▸ **Work required**: In the listing below, the lines starting at the line with "H.Hüsna Kazancı" and ending at the line with "YKS tercih sonuçları" are to be output verbatim. Images stay out of the copy.

▸ **Input records**:

*** Block opens ***

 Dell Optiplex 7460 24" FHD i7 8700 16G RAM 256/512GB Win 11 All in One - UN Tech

*** Block closes ***
*** Block opens ***

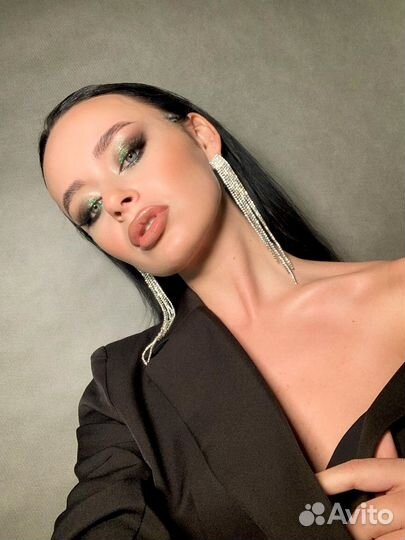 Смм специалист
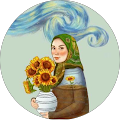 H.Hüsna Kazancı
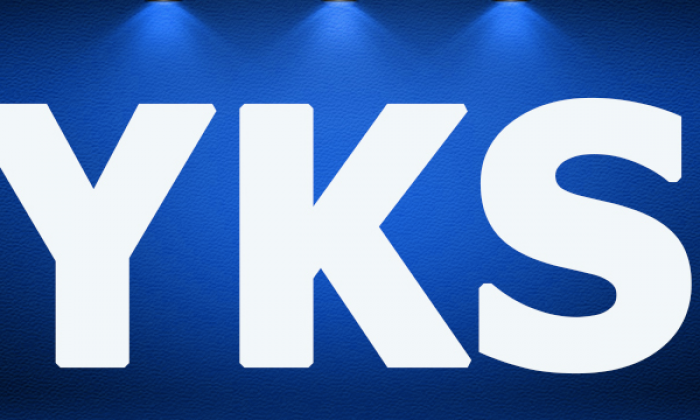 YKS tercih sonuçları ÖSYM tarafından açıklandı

*** Block closes ***

▸ **Finished exercise**:
 H.Hüsna Kazancı
 YKS tercih sonuçları ÖSYM tarafından açıklandı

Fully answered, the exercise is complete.